Trial Landscape - SAP-archive/xsk GitHub Wiki

The shared XSK Trial instance is available at: https://trial.apps.xsk.io

NOTE: You can Provision Landscape with helm

To create new landscape (dedicated instance) go through the following steps:

1. Create new SAP HANA Database User, as described here.

2. Obtain access to the XSK Trial Kubernetes cluster (kubeconfig).

3. Create separate Kubernetes namespace for the new landscape:

   kubectl create namespace <namespace-name>
   kubectl label namespace <namespace-name> istio-injection=enabled
   

4. Create hana-cloud-database secret as described in the Create an SAP HANA Cloud secret step.

   Note: Add -n <namespace-name> to the original command, so that the secret would be created in the dedicated namespace:

    kubectl -n <namespace-name> create secret generic hana-cloud-database \
    --from-literal=DIRIGIBLE_DATABASE_PROVIDER=custom \
    ...
   

5. Deploy XSK in the target namespace/landscape as described in the Deploy XSK step.
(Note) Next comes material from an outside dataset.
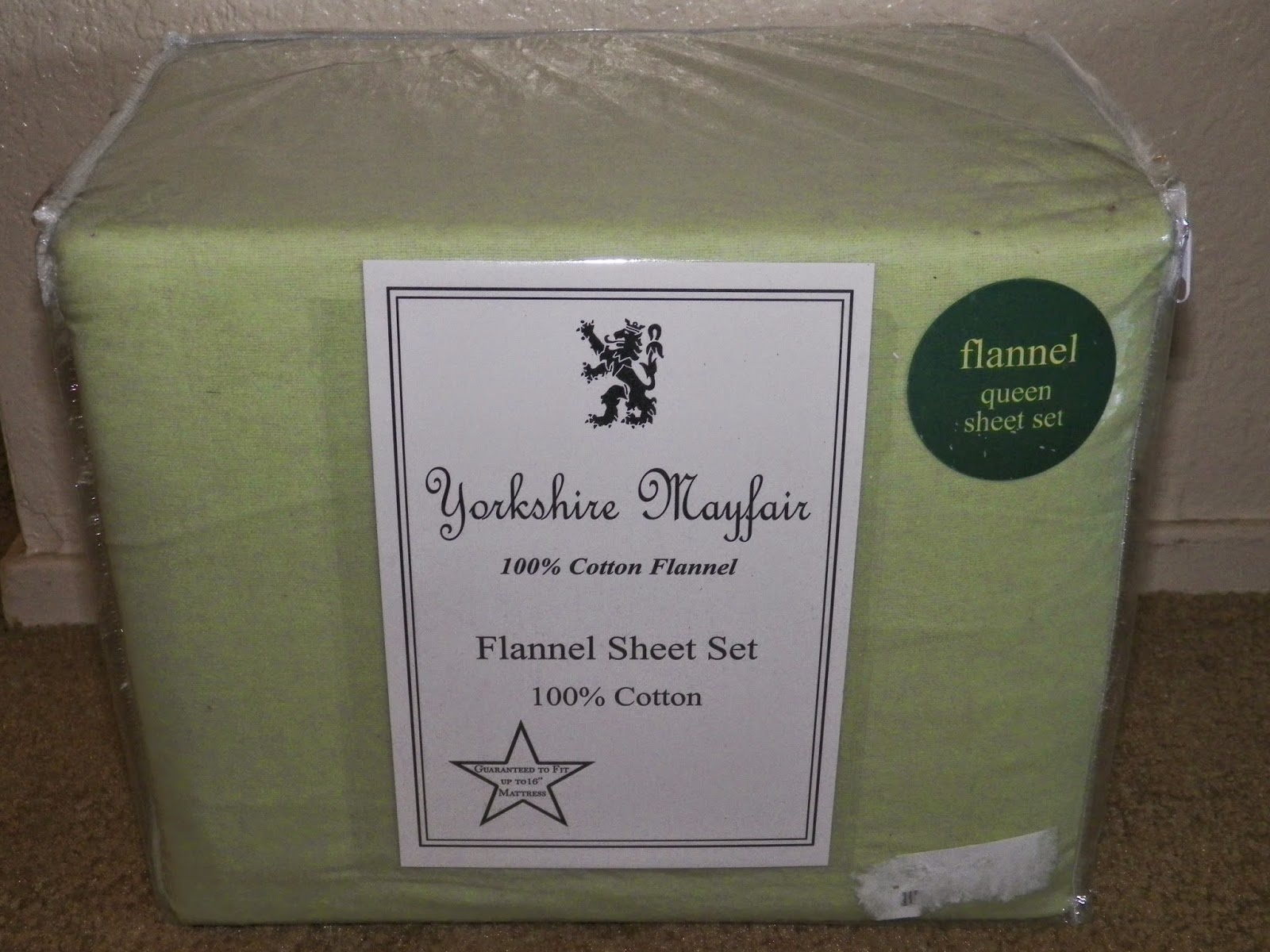 mygreatfinds Yorkshire Mayfair 100 Cotton Flannel Sheet Set Review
   Note: Use the Deployment (Only) option and replace all occurrences of the default namespace with the <namespace-name> as shown:

   apiVersion: apps/v1
   kind: Deployment
   metadata:
     name: xsk
     namespace: <namespace-name>
   ...
   apiVersion: v1
   kind: Service
   metadata:
     labels:
       app: xsk
     name: xsk
     namespace: <namespace-name>
   ...
   apiVersion: v1
   kind: PersistentVolumeClaim
   metadata:
     name: xsk-claim
     namespace: <namespace-name>

   Note: Replace the DIRIGIBLE_HOST environment variable as follows:

   ...
   - name: DIRIGIBLE_HOST
     value: https://<landscape-domain>.apps.xsk.io
   ...

6. Create XSUAA Service Instance as described in the Create an XSUAA service instance step:

   Note: For better isolation create a separate Subaccount, and create there the XSUAA service instance, by using the JSON definition.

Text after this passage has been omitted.